Efficient SLAM Approach with MultipleCameras Based on RGB-D Setup

Kurzfassung

For autonomous navigation in unknown environments, a robust and continuous state estimation is extremely valuable. It builds the foundation for most vision-based applications such as robotics or autonomous cars. Due to their light weight and small size, cameras are often utilized as sensors on robotic platforms. They offer a broad spectrum of applications, such as simultaneous localization and mapping (SLAM), 3D reconstruction or object recognition. Due to the fact that cameras can be used in a diverse range of areas and are inexpensive to purchase, robot platforms are often equipped with multiple cameras. For the accurate state estimation, five RGB-D cameras are available to the robot used in this work. While most of the research work in the thriving field of SLAM is based on the use of only one camera, in this work a multi-camera SLAM system is proposed that can incorporate any number of RGB-D cameras. For this purpose, a feature-based approach is chosen.
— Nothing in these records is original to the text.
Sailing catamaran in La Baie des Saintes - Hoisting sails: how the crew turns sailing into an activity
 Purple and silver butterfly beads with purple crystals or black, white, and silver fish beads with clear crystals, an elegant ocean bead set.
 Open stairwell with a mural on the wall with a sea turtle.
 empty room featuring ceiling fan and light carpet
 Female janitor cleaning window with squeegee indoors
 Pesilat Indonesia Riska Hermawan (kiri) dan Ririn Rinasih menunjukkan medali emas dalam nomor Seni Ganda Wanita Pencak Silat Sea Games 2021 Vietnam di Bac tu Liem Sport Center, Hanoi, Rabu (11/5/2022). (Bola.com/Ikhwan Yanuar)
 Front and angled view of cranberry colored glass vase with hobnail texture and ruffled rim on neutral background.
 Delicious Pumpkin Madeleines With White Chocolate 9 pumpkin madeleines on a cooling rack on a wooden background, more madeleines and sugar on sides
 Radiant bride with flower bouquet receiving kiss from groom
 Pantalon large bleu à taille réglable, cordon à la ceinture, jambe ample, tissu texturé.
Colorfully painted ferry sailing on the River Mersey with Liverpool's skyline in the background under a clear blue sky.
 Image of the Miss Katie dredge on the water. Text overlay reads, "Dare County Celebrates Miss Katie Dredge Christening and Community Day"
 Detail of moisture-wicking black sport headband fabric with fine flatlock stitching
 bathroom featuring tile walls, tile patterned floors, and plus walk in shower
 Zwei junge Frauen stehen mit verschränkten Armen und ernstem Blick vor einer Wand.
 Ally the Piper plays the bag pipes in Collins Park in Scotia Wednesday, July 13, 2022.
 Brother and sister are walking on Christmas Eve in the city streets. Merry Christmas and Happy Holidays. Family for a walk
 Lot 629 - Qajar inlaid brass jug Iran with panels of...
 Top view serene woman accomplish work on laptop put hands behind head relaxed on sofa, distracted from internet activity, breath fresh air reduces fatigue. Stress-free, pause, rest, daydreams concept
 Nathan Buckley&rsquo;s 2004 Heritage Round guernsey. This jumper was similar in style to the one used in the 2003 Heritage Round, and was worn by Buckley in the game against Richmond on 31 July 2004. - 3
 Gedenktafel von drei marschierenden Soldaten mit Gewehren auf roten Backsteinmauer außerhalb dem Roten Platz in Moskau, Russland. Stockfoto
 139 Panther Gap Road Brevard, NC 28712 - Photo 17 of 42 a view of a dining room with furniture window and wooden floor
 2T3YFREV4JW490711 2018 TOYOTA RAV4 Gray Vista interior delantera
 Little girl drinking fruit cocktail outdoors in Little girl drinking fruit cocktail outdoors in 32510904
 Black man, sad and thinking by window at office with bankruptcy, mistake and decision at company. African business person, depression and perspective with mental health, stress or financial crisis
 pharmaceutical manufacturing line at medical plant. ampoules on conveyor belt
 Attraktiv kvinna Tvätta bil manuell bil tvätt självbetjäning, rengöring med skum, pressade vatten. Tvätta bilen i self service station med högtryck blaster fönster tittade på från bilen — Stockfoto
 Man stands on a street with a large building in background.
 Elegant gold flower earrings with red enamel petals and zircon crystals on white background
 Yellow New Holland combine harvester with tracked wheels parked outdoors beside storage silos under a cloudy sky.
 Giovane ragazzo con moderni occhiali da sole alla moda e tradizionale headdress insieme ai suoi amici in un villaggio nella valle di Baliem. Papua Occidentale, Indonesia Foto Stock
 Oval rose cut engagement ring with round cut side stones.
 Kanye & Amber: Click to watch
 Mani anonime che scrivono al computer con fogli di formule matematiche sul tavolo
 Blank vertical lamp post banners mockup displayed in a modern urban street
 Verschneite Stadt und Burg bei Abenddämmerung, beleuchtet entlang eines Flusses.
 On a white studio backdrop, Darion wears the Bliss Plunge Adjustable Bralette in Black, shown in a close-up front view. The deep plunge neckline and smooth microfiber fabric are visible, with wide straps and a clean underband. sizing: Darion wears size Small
The camera images are reduced to a sparse set of image features to enable fast processing and guarantee state estimation at high frame rates. At the same time, a sparse map of the surrounding area is constructed. Among other purposes, the robot then uses this map to improve its state estimating. To test the multi-camera SLAM approach, a dedicated dataset is recorded that consists of six scenarios and corresponding ground truth trajectories. It demonstrates its correct operation. The time analysis indicates the bottlenecks when adding more cameras. The quantitative evaluation results show that the multi-camera approach outperforms state-of-the-art SLAM systems in terms of both accuracy and robustness.